A lei de Parkinson, formulada em 1955, explica o crescimento deste tipo de burocracia nas organizações. A essência da explicação parte da observação de que, de forma natural, as pessoas tendem a expandir as suas tarefas para ocupar todo o tempo disponível, o que, por sua vez, gera a necessidade de contratar subordinados. Esses subordinados, ao adotar uma abordagem semelhante, acabam trabalhando uns para os outros, ampliando a complexidade burocrática. Os níveis hierárquicos multiplicam-se enquanto o estatuto de um gestor aumenta com o número de colaboradores que supervisiona.
Ao defender a tomada de decisão no nível mais baixo possível da organização, pelas pessoas que têm mais informações e conhecimento sobre o problema em questão, a aplicação do princípio de subsidiariedade deveria reduzir o número de níveis hierárquicos, promovendo a eficiência, a autonomia dos colaboradores e a agilidade da organização na resposta aos desafios específicos do contexto.
Contudo, ao implicar a delegação de poder de decisão, a subsidiariedade enfrenta a resistência de grupos de interesse, desde logo dos que detêm (ou esperavam vir a deter) o poder e daqueles que influenciam as decisões através de redes de relações pessoais e profissionais construídas ao longo do tempo.
Em paralelo, há organizações hierárquicas que romperam com a burocracia, apostando na descentralização e incentivando os colaboradores a comportarem-se como empreendedores. O grupo brasileiro Semco e a Haier, o fabricante chinês de eletrodomésticos que comprou a GE Appliances, em 2016, constituem dois casos inspiradores.
A Haier adotou uma organização em rede que liga todos os colaboradores com as necessidades dos utilizadores, permitindo o desenvolvimento e oferta de soluções (para a casa inteligente, por exemplo) de forma rápida e flexível.

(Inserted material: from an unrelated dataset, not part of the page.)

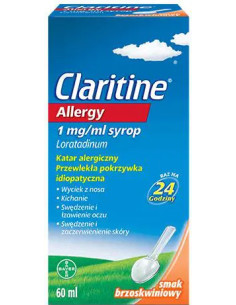 Claritine Allergy syrop 60 ml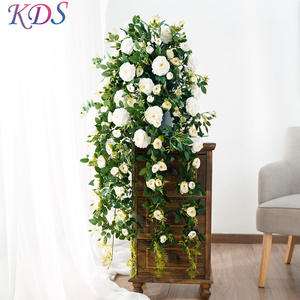 Usine en gros 140 cm Fleur De Vigne Artificielle Rose Fleur Vigne fleur Artificielle Pour Mariage En Plein Air Fête Guirlande Décor - Product Image 2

A empresa está organizada em microempresas autónomas, mas ligadas na medida em que todas têm uma relação direta com os seus próprios clientes e unem-se para criar valor para os utilizadores. Os colaboradores são os seus próprios gestores. O feedback contínuo sobre a satisfação dos utilizadores, associado à liberdade de iniciativa e à autonomia para tomar decisões, fomentam a melhoria contínua e a inovação. O valor criado é distribuído por todos os que colaboraram no processo, ilustrando a virtuosidade de um modelo que assegura o propósito e equilibra incentivos e recompensas.
Estes exemplos mostram que a mudança organizacional, eliminando a burocracia, é possível, oferecendo matéria para reflexão a organizações do setor privado e público que visem colocar o utilizador no centro do processo de criação de valor.